The new Test Procedure 2006 (the second revision in the series of unified x86 CPU Performance Test Procedures) was developed as an organic successor to the previous test procedure, having absorbed all its advantages and eliminated as many drawbacks as possible, and as a modern procedure for benchmarking CPU performance that meets the key hardware and software development trends in general. From our point of view, test results below prove that our approach was correct. Let's put it like this: our purely subjective opinion (based on our personal experience) on relative performance of different CPUs does not contradict the results obtained. Not bad, by the way: it's well known that a true reviewer will tell you the barest truth as to what processor is faster even half asleep, when you woke him up in the dead of night — without consulting any diagrams, without trying to remember test results, even without waking up :).
Hardware and Software
* — "2x..." means "per each core"
You can easily notice that there are only two newcomers in our tests: Pentium D 805 and Pentium XE 965. They have no conceptual differences from the previously reviewed Intel processors. Pentium D 805 is a new junior model in the budget 800th series of dual core Pentium D processors, adapted for a slower bus and operating at a lower speed. Pentium XE 965 is an overclocked 3.73 GHz Pentium XE 955. Perhaps the most interesting newcomer is Pentium D 805 — as a record-breaker among dual core processors in price: this dual core processor can be bought for less than $150.

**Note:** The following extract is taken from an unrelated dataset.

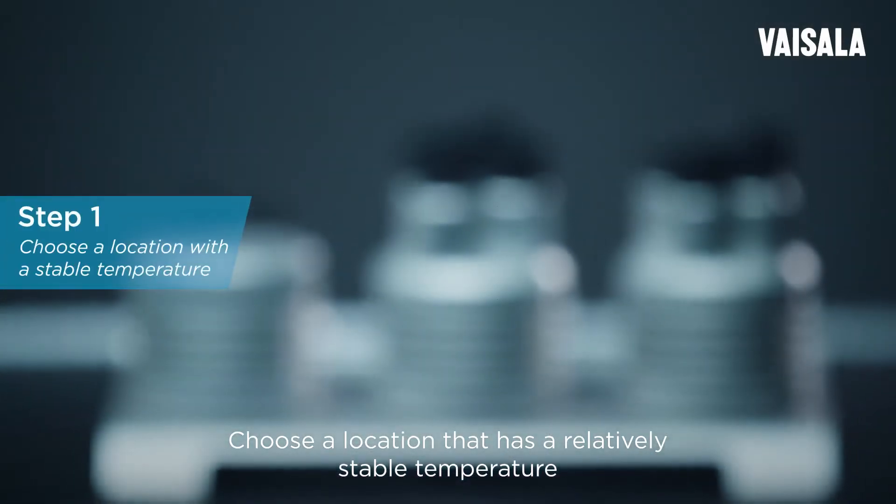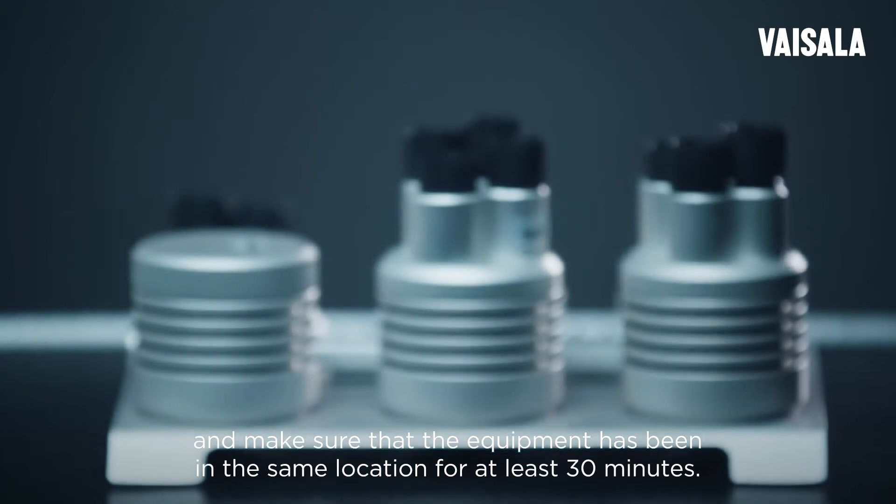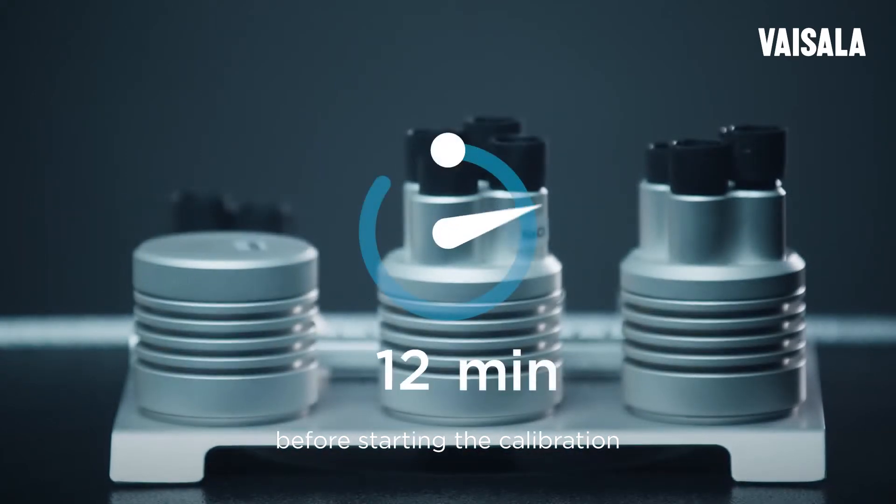Choose a location that has a relatively stable temperature and make sure the equipment has been in the same location for at least 30 minutes before starting the calibration.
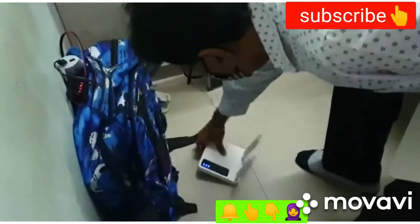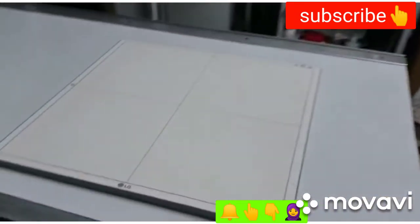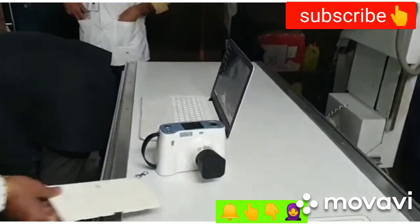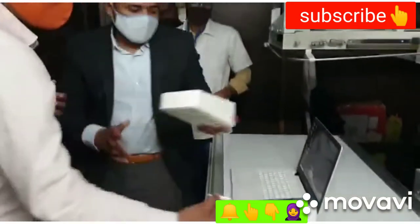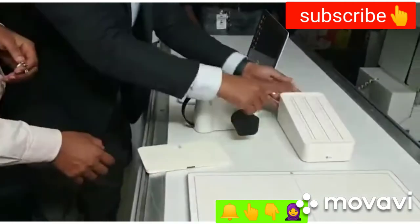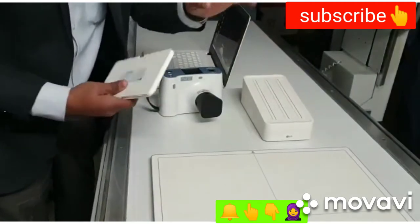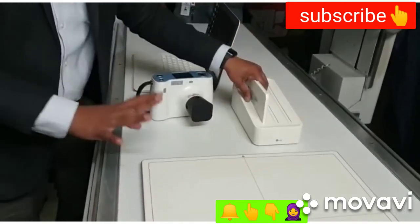You have a router, cassette, X-ray machine, and laptop. Battery works for how many shoots?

Description of the procedure with examples from real tests
Necessary preface to the diagrams
The new test procedure features two peculiarities of data representation: (1) all data types are reduced to one — integer relative score, and (2) the data representation form is modified — there will be one table in Microsoft Excel format available for downloading instead of multiple diagrams. Let's analyze our reasons for these innovations.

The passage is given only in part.